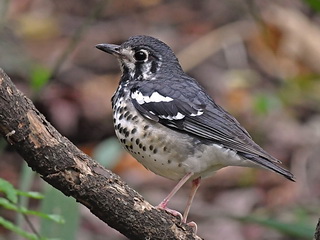 Ashy Thrush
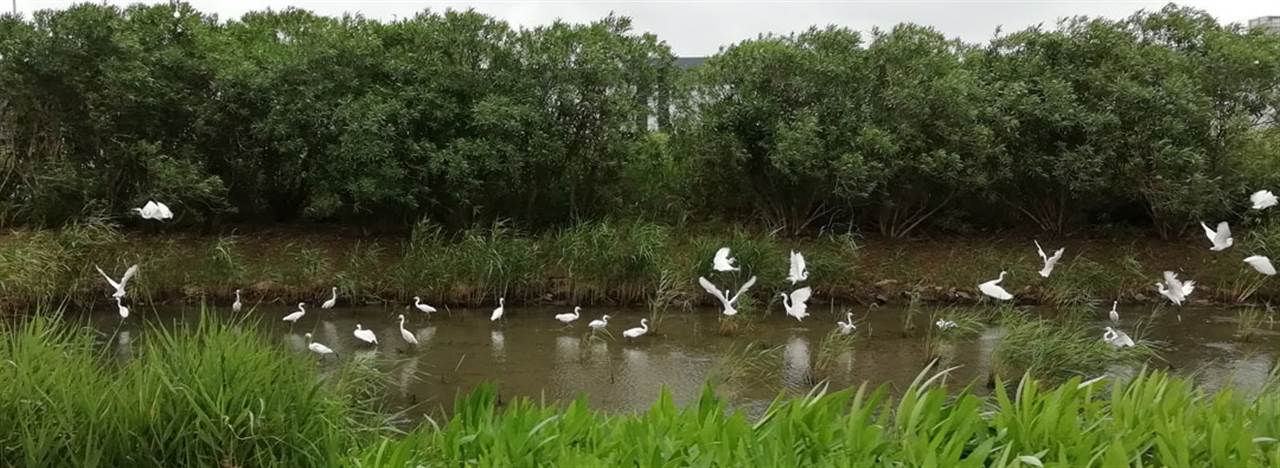 SCIP-wetland-1265x395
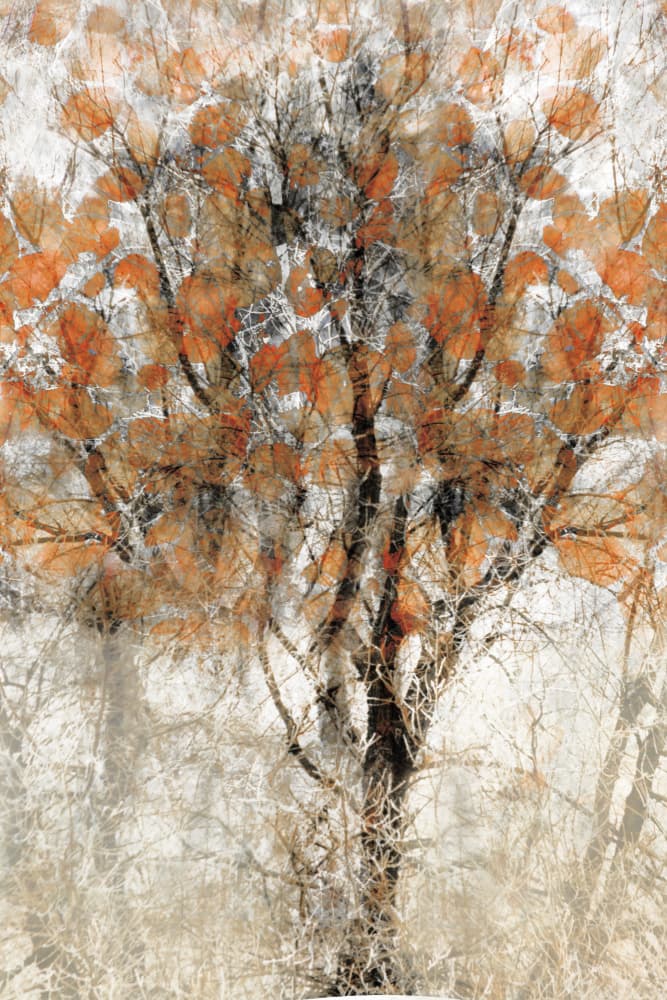 Textured Autumn Tree by Christina Sillen — canvas wall art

§

## ASSIGNMENT:
Each line above is to be duplicated exactly, and the pictures are to be omitted.

## RESULT OF THE EXERCISE:
 Ashy Thrush
 SCIP-wetland-1265x395
 Textured Autumn Tree by Christina Sillen — canvas wall art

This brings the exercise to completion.